►

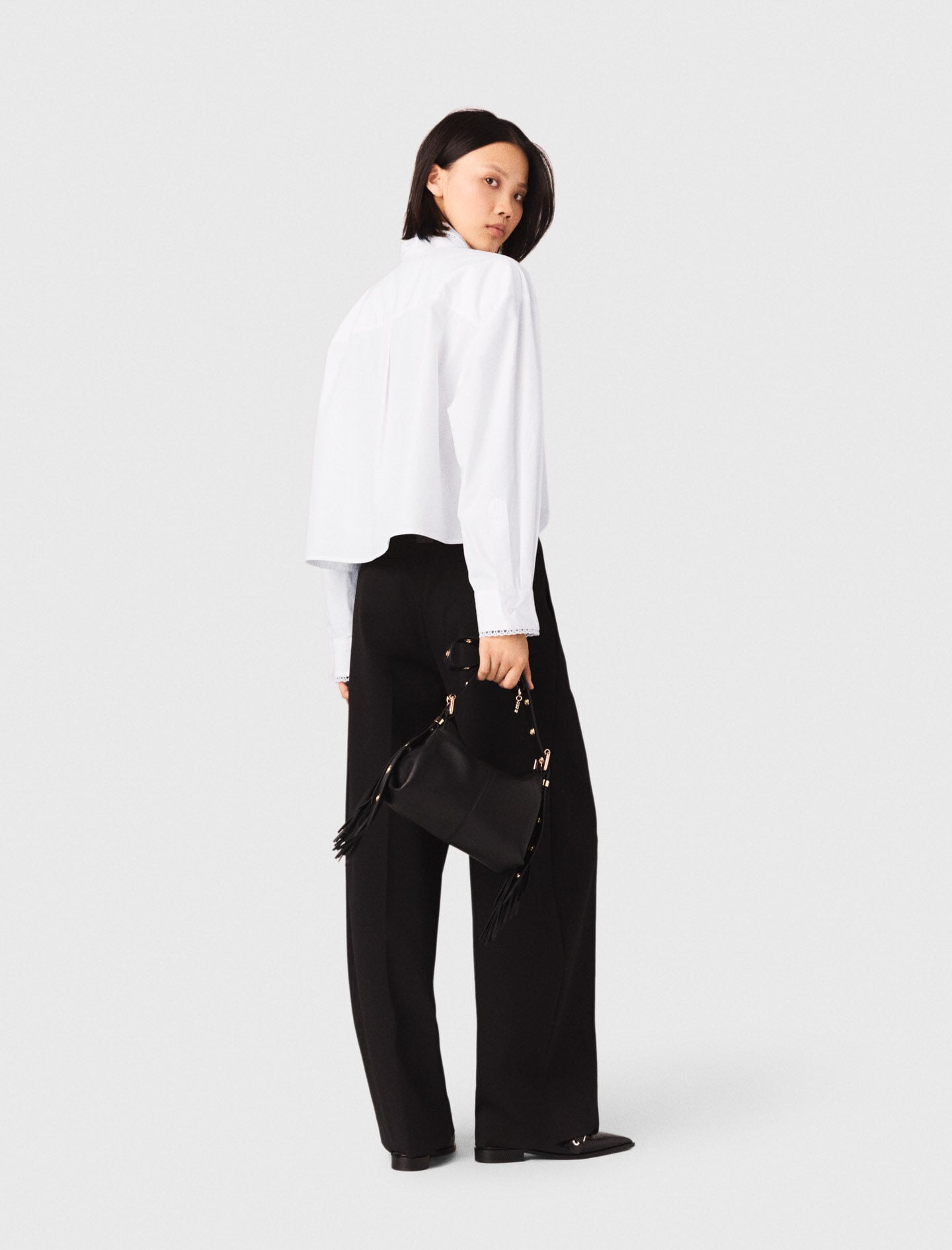 Maje Balloon suit trousers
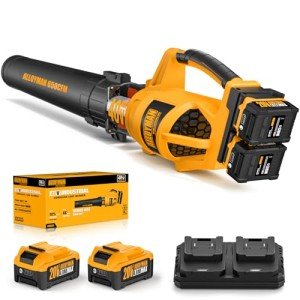 ALLOYMAN 40V Cordless Leaf Blower with Batteries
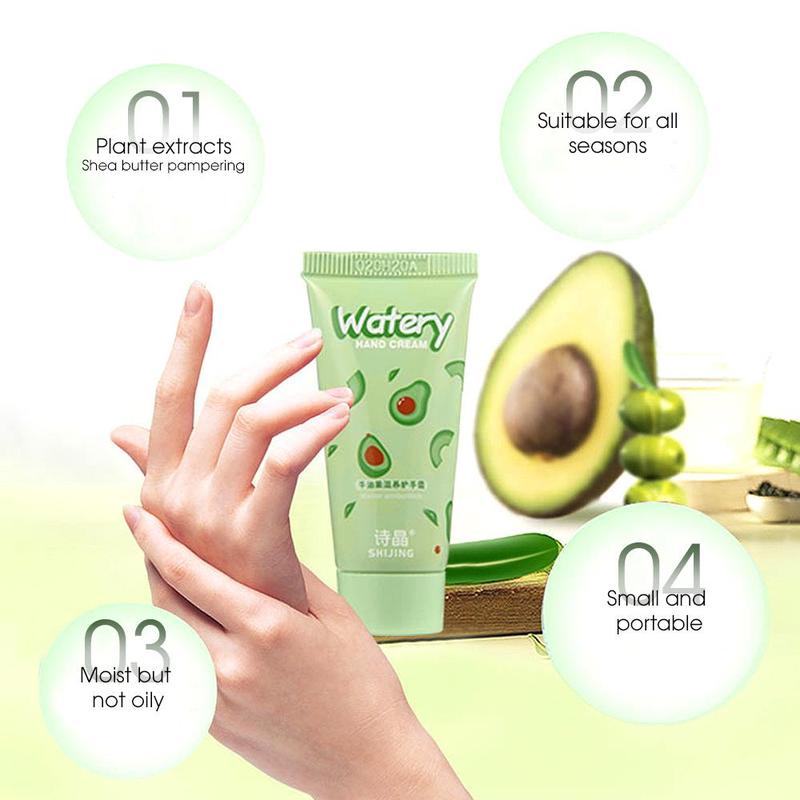 Avocado Comfort Moisturizing Lip Balm & Hand Cream, 2 Counts set Anti-cracking Hand Lotion, Hydrating Lip Balm, Nourishing Hand Cream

◄

DIRECTIONS FOR THIS TASK: Omitting all pictures, restate word for word the lines from the one containing "ALLOYMAN 40V Cordless" through the last line of the data.

SOLUTION TO THE EXERCISE:
 ALLOYMAN 40V Cordless Leaf Blower with Batteries
 Avocado Comfort Moisturizing Lip Balm & Hand Cream, 2 Counts set Anti-cracking Hand Lotion, Hydrating Lip Balm, Nourishing Hand Cream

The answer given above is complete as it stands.